For decades, empowered Neighborhood Watch program participants have proudly displayed signs in their neighborhoods. At its heart, the program engenders safety and a sense of community.

A 21st-century neighborhood security approach includes a variety of site cameras, ranging from company security systems, to app-based monitors and do-it-yourself setups. The options abound, and homeowners, businessowners, renters and apartment residents commonly have cameras rolling and sensors active.

In 2013, the Richardson Police Department began another program that relies on residents to perpetuate a secure city. The Video Crime Watch program functions with the help of volunteers who are willing to share surveillance footage as needed in order to help solve crimes.

Via the Video Crime Watch program, residents may sign up online, letting the PD know about their residential and business cameras. If a crime is committed, police may use the database to quickly determine if any residents or businesses might have caught evidence on their systems. Even footage of someone walking past a property could break a case.
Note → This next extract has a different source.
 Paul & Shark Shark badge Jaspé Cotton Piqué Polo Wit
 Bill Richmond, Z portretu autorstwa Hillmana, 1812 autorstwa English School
A common misconception is that sharing camera information gives officers access to the security systems. This program does not access cameras. It can’t pull video, images or audio. No user credentials are collected and no direct access is given. Instead, the database serves as a helpful list of residents who might be of service.

“It’s a voluntary program,” Tommy Davis, Community Relations Officer for the Richardson Police Department, said. “If you have a system and you want to share that you have it, that’s helpful to us. We’ve had success with it.”

Video Crime Watch has resulted in crimes solved and arrests made. In one incident, a neighbor’s camera identified the perpetrator in a nearby house break-in. The results through the years speak for themselves, as residents have helped police officers curb criminal activity.

The RPD was visionary in its implementation of the program. “We were one of the first agencies in the country to do this,” Davis said.

“We were getting calls from as far away as Canada about our Video Crime Watch program.” The program now has hundreds of participants who all make Richardson a more secure place. In addition to the Neighborhood Crime Watch and Video Crime Watch programs, other Richardson community-police department partnerships include Crime Watch Patrol and Dog Walker Watch. When it comes to safety, a nosy neighbor is the best kind, Davis said.

“A lot of cases are solved or prevented because people called in. The watchful neighbor is the single-most effective crime-fighting tool,” Davis said. “That’s what’s going to keep a lot of the bad guys out of your area. That helps us out and it makes our job so much easier.”